This is really nice, but they haven't solved the following problem: sometimes you need more information from further on in the process in order to choose your dates. For some types of trip, the most important thing is a combination of departure time and price; you want the lowest price as long as the departure/arrival is within your acceptable range, and then you want to work 'backwards' to pick dates based on that.
I don't know of any airline booking process that accommodates that use-case well.
Hipmunk lets you search for flights with a certain date range and pick the best flights from that, and there's also a "pricegraph" that sounds like it does exactly what you want by showing you the cheapest prices within the next 90 days.
It's pretty but it's missing the one feature I love from the old site which is to quickly scrub through dates to figure out if there's a cheaper flight earlier or later than my planned date. My travel plans are usually somewhat flexible so I'm often willing to shift by a day or two to save $100.
From a design perspective this is one of the most beautiful airline booking designs I've ever seen, but from a usability perspective it might just be the worst (save for maybe RyanAir).
The cities being laid out in a grid looks nice but is ultimately far more difficult to understand then just looking at an alphabetical list in a dropdown. Auto-picking your departure city based on your current location is admittedly a nice detail, but it wasn't immediately obvious how I change where I'm starting as the "link" was different than anything else on the page.
The "Who's Flying" section is massive for having so little real information. And why are that the font is 120px (or 12rem) but the "+/-" controls are faded out and tiny by comparison?
The calendar is again completely oversized, low contrast, and difficult to understand.
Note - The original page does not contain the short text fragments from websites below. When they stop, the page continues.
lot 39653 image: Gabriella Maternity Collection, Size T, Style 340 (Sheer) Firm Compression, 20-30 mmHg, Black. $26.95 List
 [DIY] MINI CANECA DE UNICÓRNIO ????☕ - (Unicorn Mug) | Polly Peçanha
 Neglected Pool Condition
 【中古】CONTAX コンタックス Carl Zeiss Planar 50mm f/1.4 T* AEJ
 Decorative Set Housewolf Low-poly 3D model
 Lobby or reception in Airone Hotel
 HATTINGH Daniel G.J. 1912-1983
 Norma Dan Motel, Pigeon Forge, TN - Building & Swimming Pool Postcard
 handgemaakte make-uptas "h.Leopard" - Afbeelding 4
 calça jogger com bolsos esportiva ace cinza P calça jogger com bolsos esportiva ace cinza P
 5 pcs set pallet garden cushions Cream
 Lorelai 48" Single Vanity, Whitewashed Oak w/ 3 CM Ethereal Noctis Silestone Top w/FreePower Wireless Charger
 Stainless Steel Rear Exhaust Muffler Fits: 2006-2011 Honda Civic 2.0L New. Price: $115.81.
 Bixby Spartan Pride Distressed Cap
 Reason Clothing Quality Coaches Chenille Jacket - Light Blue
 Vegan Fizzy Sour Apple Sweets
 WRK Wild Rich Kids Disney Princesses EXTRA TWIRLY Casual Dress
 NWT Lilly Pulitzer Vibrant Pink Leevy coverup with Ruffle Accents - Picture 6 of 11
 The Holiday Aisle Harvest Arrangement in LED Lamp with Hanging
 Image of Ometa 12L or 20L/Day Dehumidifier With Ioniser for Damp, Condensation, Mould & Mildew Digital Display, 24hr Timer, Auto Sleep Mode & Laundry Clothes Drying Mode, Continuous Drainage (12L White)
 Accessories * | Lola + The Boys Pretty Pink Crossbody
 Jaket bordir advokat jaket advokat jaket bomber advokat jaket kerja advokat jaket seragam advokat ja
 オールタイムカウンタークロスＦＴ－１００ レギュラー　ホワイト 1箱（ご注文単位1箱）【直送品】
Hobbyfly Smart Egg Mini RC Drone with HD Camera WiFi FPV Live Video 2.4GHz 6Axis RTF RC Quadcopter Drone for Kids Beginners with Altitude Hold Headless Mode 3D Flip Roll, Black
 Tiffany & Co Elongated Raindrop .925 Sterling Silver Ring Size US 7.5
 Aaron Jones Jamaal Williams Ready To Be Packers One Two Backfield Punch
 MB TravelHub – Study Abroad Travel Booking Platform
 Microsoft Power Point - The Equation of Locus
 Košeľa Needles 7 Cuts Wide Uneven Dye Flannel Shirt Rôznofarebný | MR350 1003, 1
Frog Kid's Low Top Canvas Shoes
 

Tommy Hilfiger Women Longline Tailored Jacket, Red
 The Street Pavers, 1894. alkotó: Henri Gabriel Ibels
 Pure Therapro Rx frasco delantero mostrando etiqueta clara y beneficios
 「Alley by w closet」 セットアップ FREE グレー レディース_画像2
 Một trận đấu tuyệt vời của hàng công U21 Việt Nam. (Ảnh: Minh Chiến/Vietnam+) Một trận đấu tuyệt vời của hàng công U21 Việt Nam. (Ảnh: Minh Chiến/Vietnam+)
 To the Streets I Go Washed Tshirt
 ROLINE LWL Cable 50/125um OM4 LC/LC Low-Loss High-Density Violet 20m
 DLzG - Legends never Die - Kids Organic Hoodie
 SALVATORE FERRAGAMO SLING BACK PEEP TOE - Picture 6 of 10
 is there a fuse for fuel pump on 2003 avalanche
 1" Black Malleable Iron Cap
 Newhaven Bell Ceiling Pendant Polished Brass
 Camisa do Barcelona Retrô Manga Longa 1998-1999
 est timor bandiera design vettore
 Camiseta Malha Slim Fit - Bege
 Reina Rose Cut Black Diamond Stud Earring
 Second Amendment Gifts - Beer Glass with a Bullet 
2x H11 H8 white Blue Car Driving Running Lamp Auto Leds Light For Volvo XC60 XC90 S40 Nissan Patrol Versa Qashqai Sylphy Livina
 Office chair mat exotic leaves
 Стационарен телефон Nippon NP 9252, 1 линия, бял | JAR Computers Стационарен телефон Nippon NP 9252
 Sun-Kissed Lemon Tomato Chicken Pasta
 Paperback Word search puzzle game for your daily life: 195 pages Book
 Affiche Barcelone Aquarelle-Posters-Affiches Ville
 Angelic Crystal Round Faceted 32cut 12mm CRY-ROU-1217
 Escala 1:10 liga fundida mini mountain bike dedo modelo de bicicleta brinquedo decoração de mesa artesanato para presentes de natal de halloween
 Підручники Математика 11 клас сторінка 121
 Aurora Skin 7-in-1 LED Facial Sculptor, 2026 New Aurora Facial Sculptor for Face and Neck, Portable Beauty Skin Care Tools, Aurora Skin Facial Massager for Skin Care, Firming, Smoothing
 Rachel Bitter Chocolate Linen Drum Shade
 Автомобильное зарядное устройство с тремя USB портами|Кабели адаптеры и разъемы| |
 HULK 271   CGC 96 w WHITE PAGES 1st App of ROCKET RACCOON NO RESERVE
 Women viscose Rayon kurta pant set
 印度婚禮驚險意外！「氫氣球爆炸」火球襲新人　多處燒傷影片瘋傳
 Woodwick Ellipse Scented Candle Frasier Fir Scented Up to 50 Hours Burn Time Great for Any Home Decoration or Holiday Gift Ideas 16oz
My laptop has a 1440x900 resolution screen and I can barely fit a single full month in the window. If I happen to want to buy a ticket more than a month or so in advance, I need to repeatedly click "More Dates" which then appends another two months to the already crazy long page? Also, the low contrast purple highlight for all the dates inbetween departure/return isn't immediately noticeable.
When I click on a ticket price another window slides up over it - took a few moments to figure out what actually happened there. Overall the "ticket selection" again looks pretty, but when I can only see a few in the window at any given time it's far less usable than a standard clean list. Also, the "Continue" button looks identical to the other addon options, and it isn't immediately obvious how to progress if you don't want to upgrade your ticket.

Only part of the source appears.